A Review of Ablaza by Adam Tedesco


Adam Tedesco’s Ablaza poems walk that razor thin line between the accessibility of imagery and the complete restructuring of how words can interact with each other. Poem after poem feels like a heated mescaline fever-state, but one where you’re just aware enough to keep going, keep walking, taking in each flash and fury of this kaleidoscope existence.

In the first and second poems, Tedesco offers two of my favorite lines, respectively: “Beyond the trees there’s a road where lights string out in slow lines of whip” and “Truth in life a narrow band of frequencies in each breath maybe one part per million”. It’s like driving through the desert and catching snippets of stream-of-consciousness whispering on the midnight radio, white stripes passing in the headlight beams, all alone on a vision quest featuring “elk walk and fire trail,” rock piles and half dead yucca.

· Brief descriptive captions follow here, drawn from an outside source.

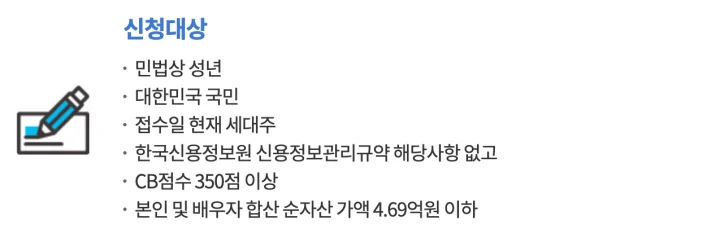 생애최초 디딤돌 대출-신청자격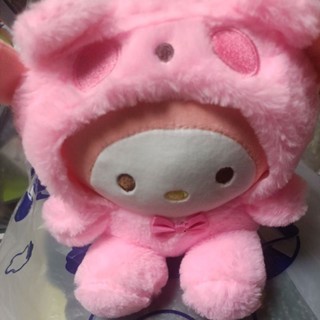 三麗鷗絨毛娃娃 粉色美樂蒂 20cm 絨毛玩具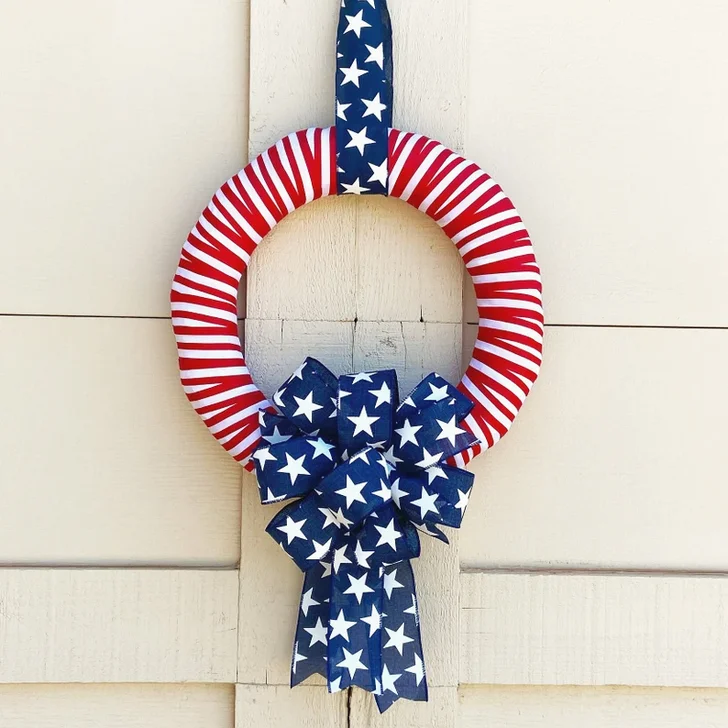 Fourth of July Wreath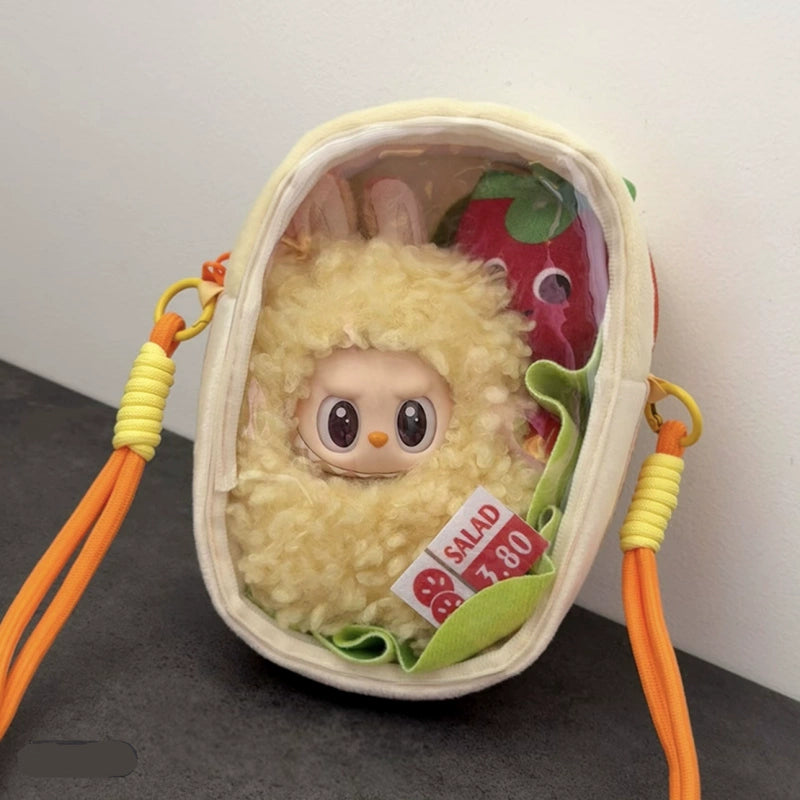 Handmade Tempura Shrimp Outfit for 17CM Labubu - Standard Body Cotton Doll Clothing Set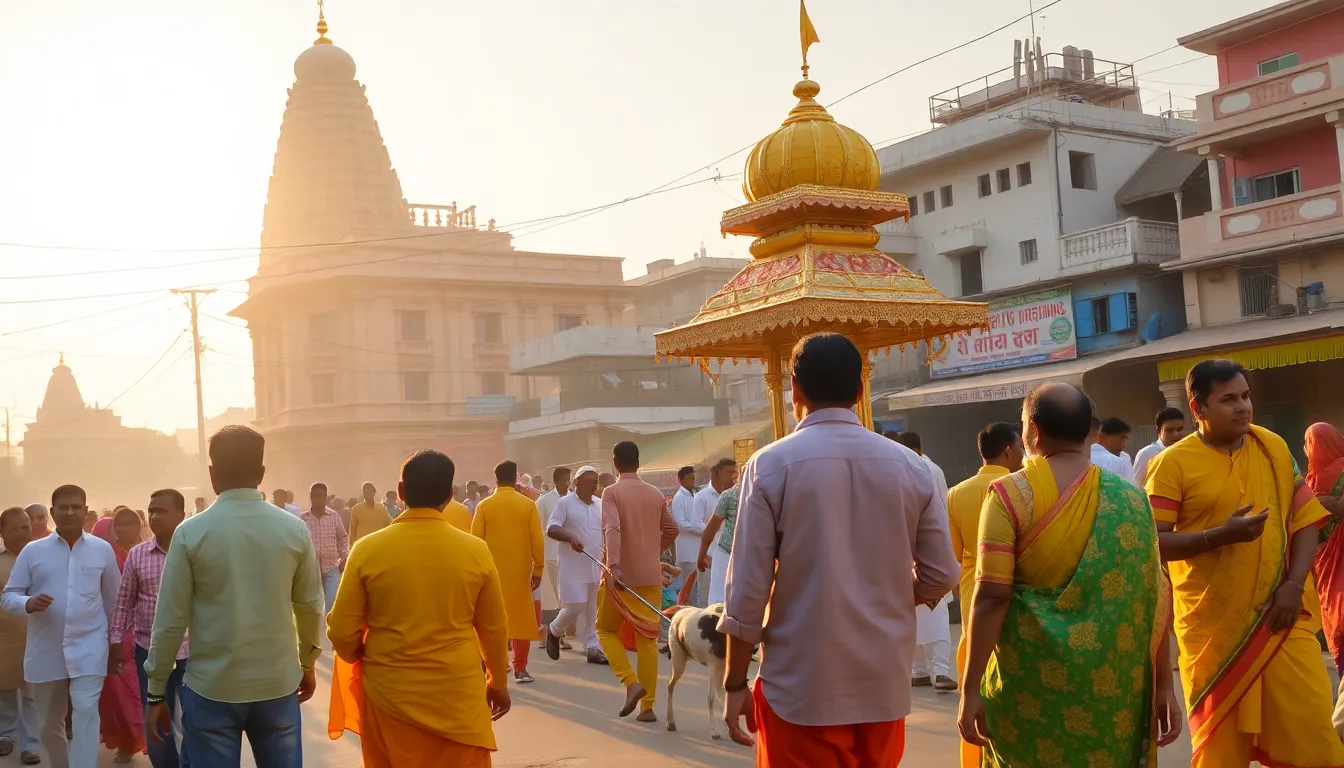 Preparations for Lord Jagannath's Rath Yatra in Patan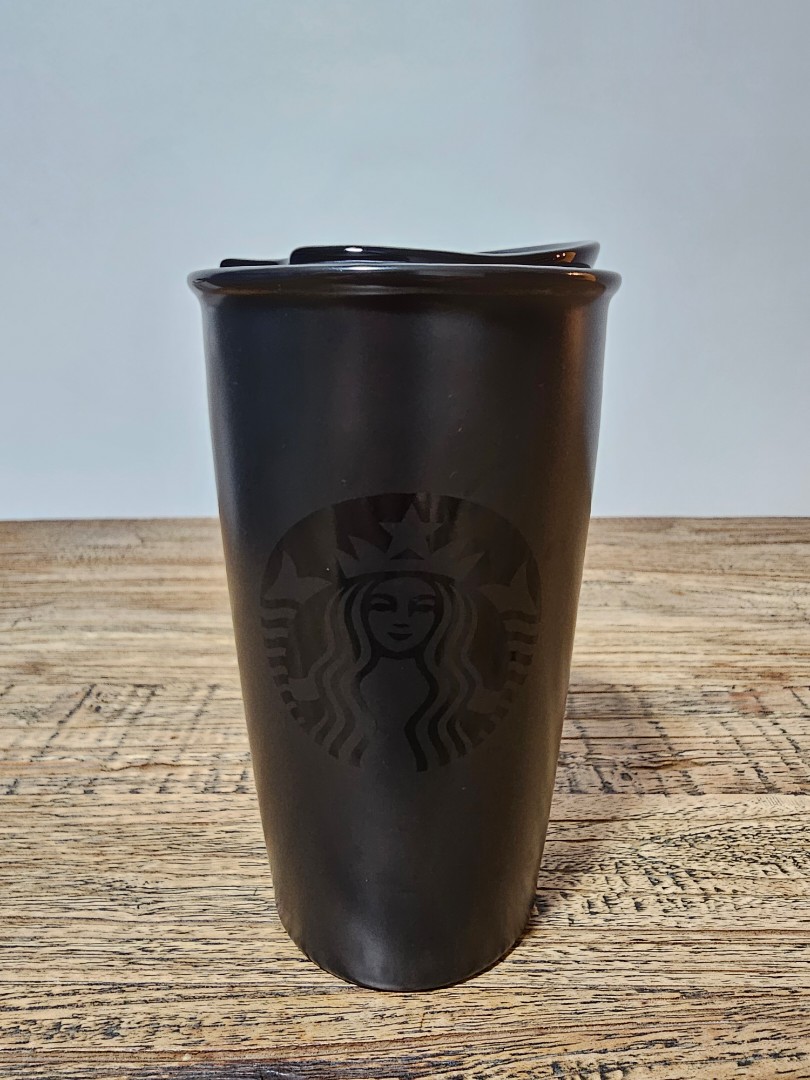 Starbucks Dining | Starbucks Ceramic Tumbler California 12oz 355ml | Color: Black/White | Size: Os | Beautyinla's Closet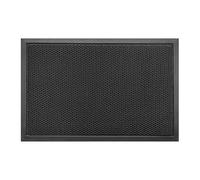 Nicoman Paillasson en Maille 3D très résistant pour intérieur et extérieur, entrée, terrasse, Jardin, Garage - Profil Bas - Antidérapant - Lavable en Machine - Noir - 60 x 40 cm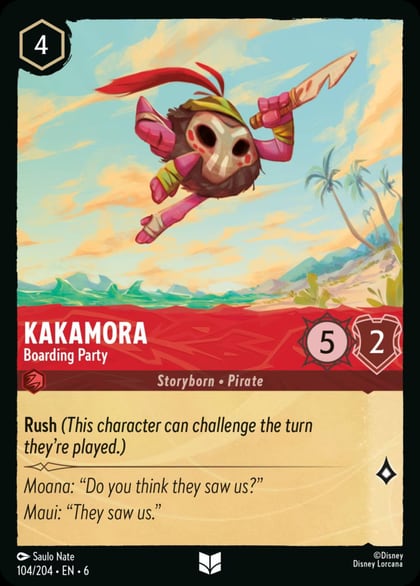 Kakamora - Boarding Party, Azurite Sea 104/204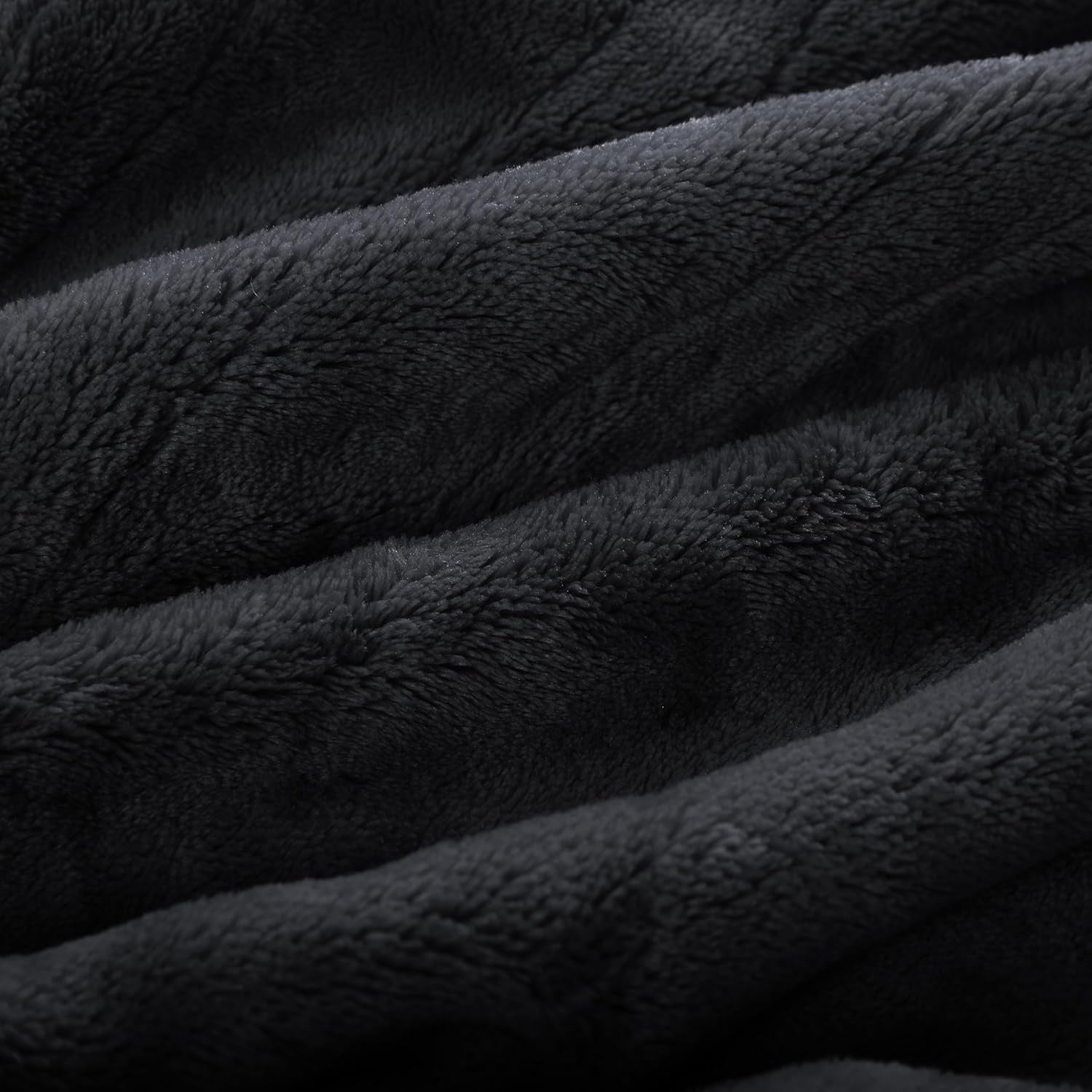 Electric Heated Blanket Full Size 72"x84", Cozy Large Oversized, 4 Heating Levels &amp; 10 Hours Auto Off, Cozy for Bed, Sofa, &amp; Office, Machine Washable, Black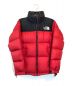 THE NORTH FACE（ザ ノース フェイス）の古着「ヌプシダウンジャケット」｜レッド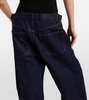 Low-rise wide-leg jeans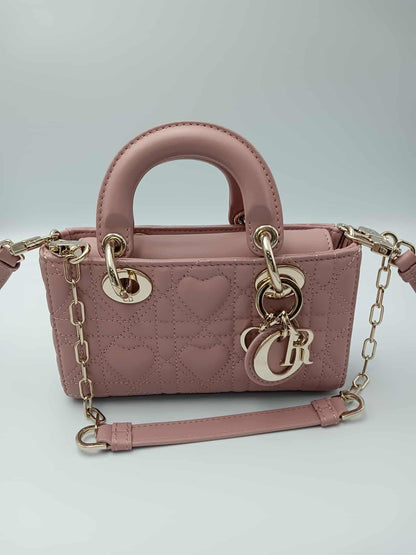 DIOR Lady Dior D-Joy Micro Heart Quilted Bag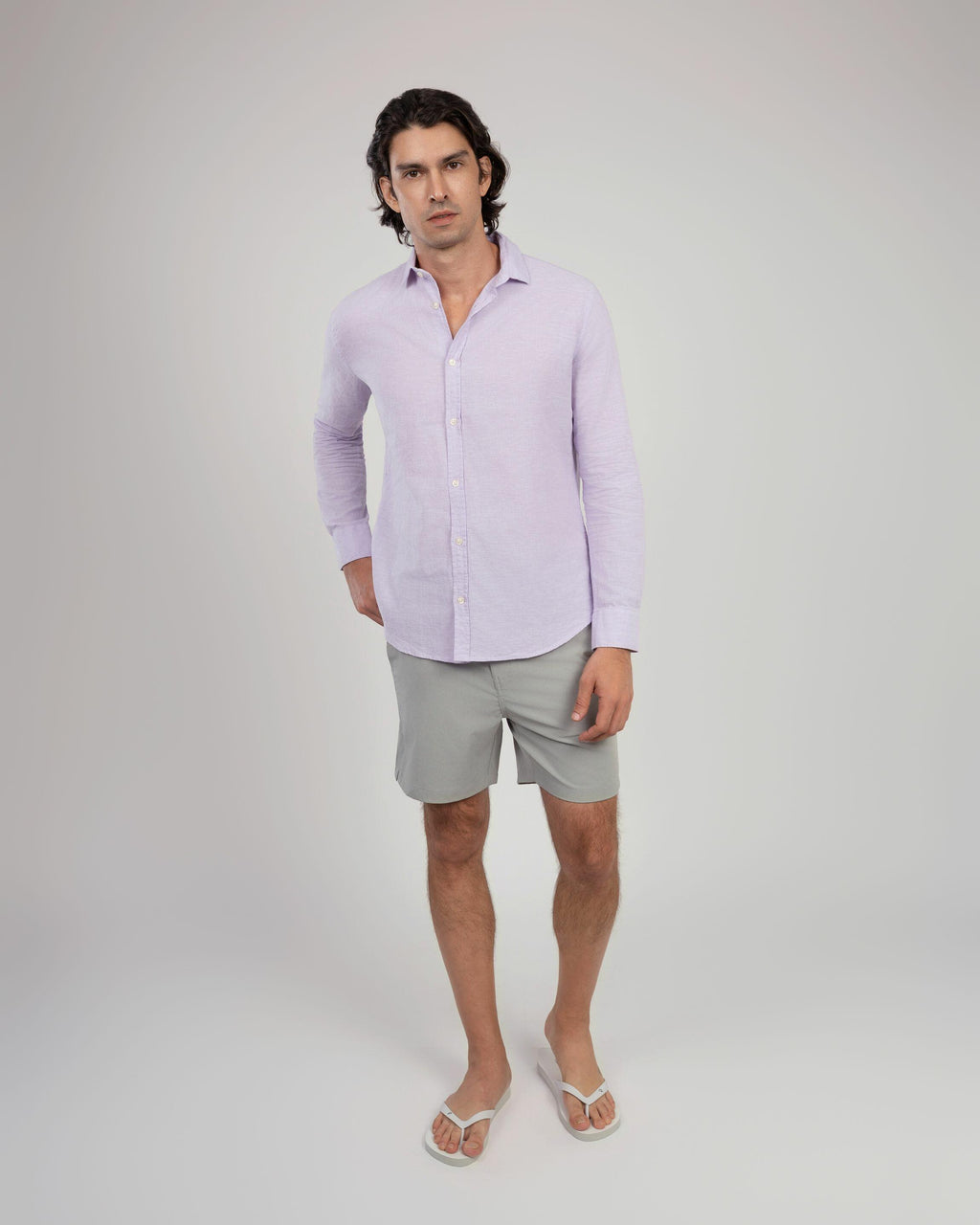 Camisa de Botão ML Linho Pienza Alfaze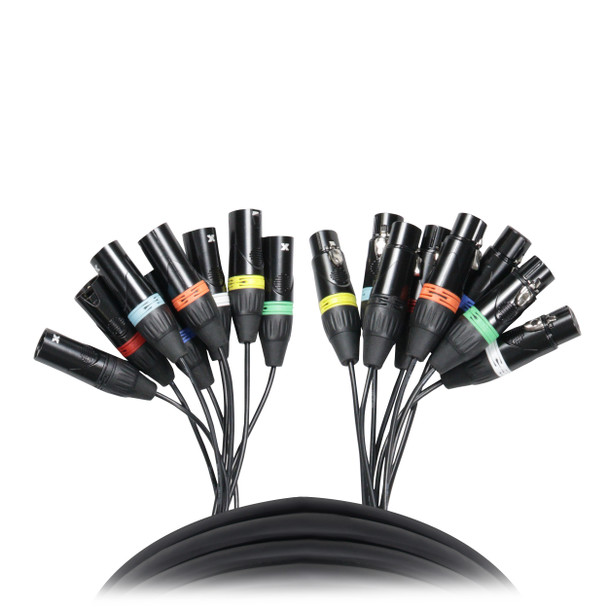 ProX XC-8XLR25 25 Foot Balanced XLR Stage Snake Cable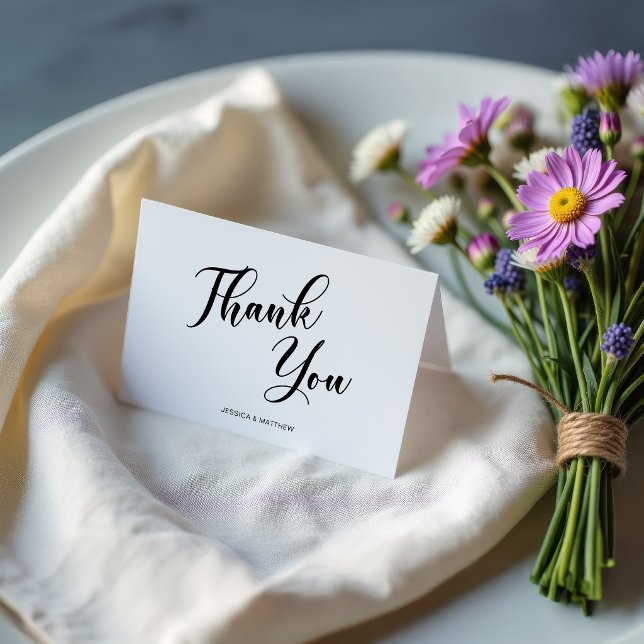 Script Thank Card for Couples Tack Kort (Skapare uppladdad)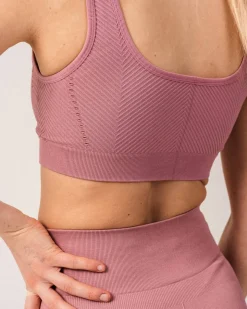 Balance Herringbone Seamless Bra Pink Rose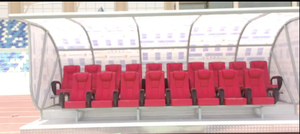 Asientos VIP para el banquillo de suplentes de fútbol con 2 niveles - Asientos de lujo para los jugadores del equipo - Product Image 4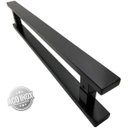 Ver imagem 2 de Puxador Inox Porta 1 Metro Pivotante Madeira e Vidro Preto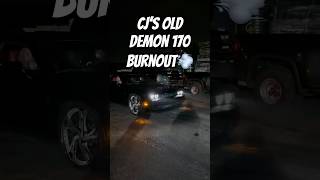 Demon 170 Burnout the giveaway winner was outside tn 32gang Cjon32s [upl. by Werna]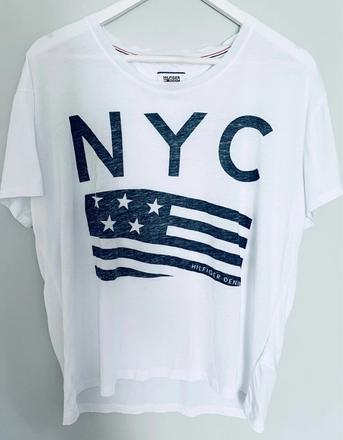 Tričko oversize, tommy hilfiger,l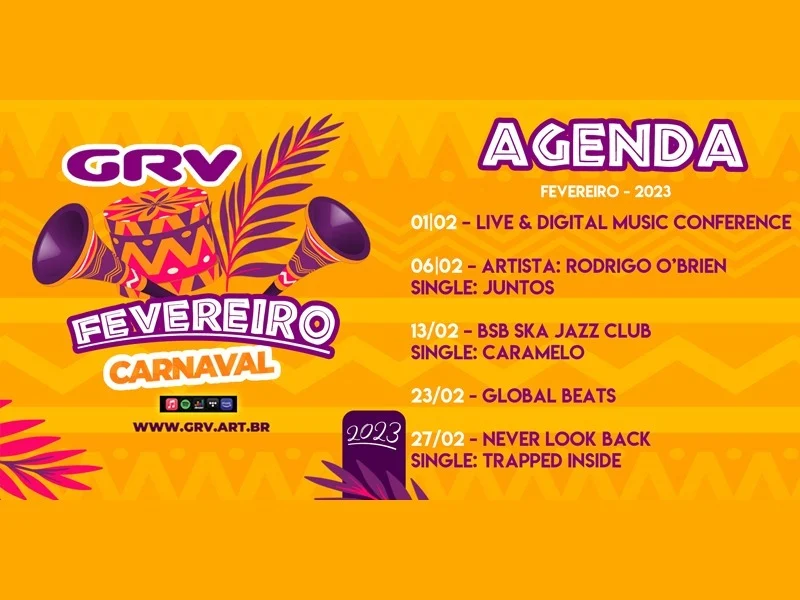 O carnaval de lançamentos musicais da GRV está no ar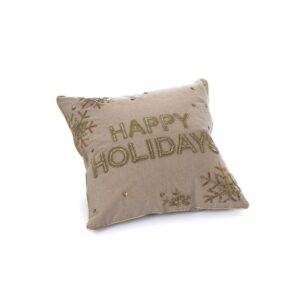 CUSCINO HAPPY HOLYDAYS CM45X45 C/PERLINE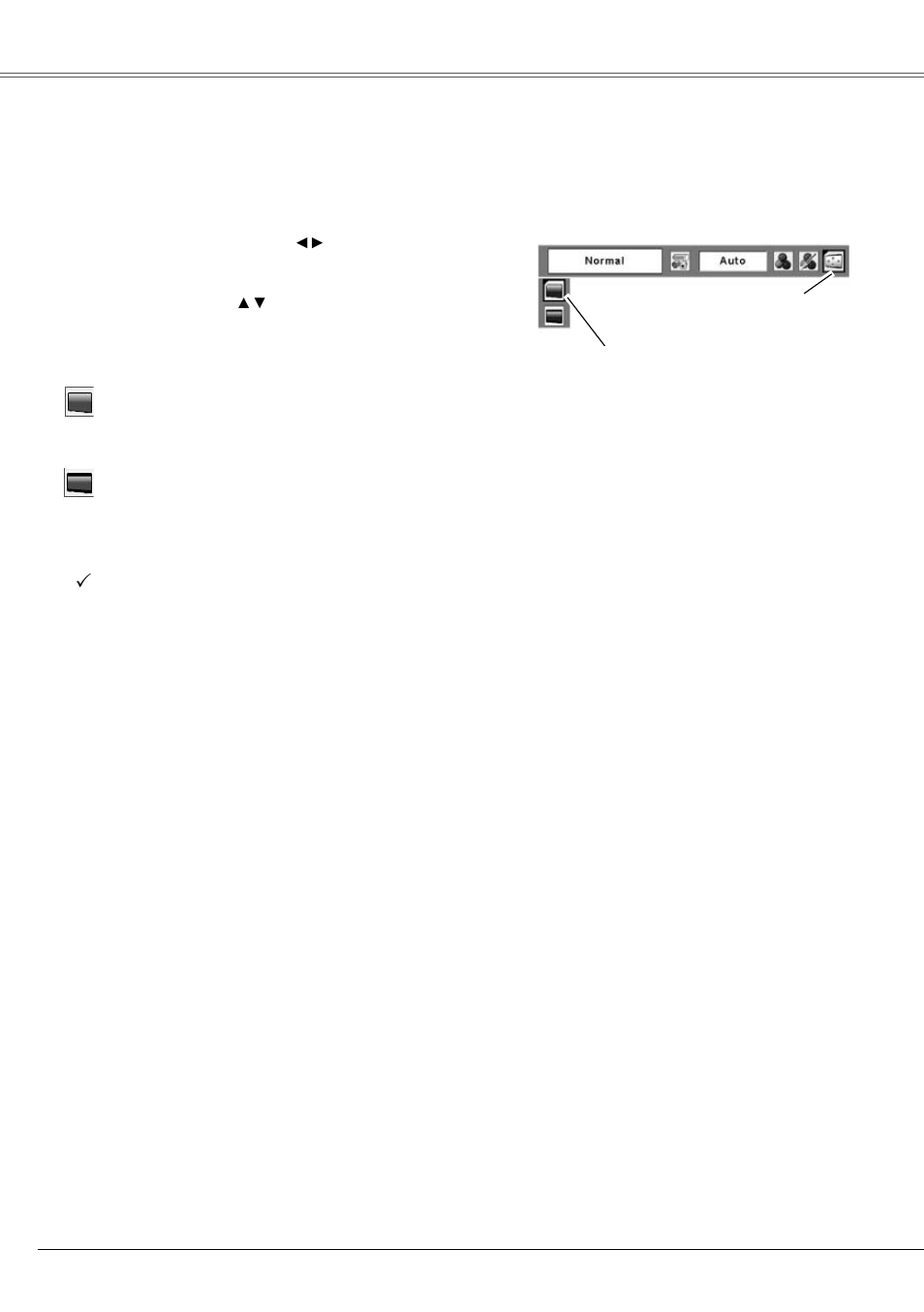 Screen size adjustment | Eiki LC-XB21B User Manual | Page 40 / 68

The collection is made more a slipstream journey by not adding any titles to the individual poems (although the first lines are cataloged in a table of contents) and the deeper you go the more consumed you become by the spirit of Ablaza, a near religion by the end, “the one true golden eagle” as Tedesco explains it. The pieces become a whole, like the canopy of individual trees making a forest, sheltering you from guiding stars. There’s a rumble of danger and possibility in the poems, an addictiveness I enjoyed.

When I first encountered Tedesco at a reading of Reality Beach poets (he is the founding editor of that indie publishing house), it was very apparent that image, sound, and experimentalism play major roles in the work he published, and the same traits are featured in his own poems, but he hits that sweet accessible spot, as I noted earlier. This is the kind of experimental poetry that doesn’t drive you away scratching your head, but instead invites you in, asking questions, taking another step deeper to find out what this means, what that means, drawn in by the wordplay, drawn into the darkness toward the distant fire. Keep going. You’ll get there, and Tedesco will be waiting, dancing around the flames, singing Ablaza and enticing you to do the same.

Ablaza isavailable from Lithic Press, and it’s collection only a fool would miss.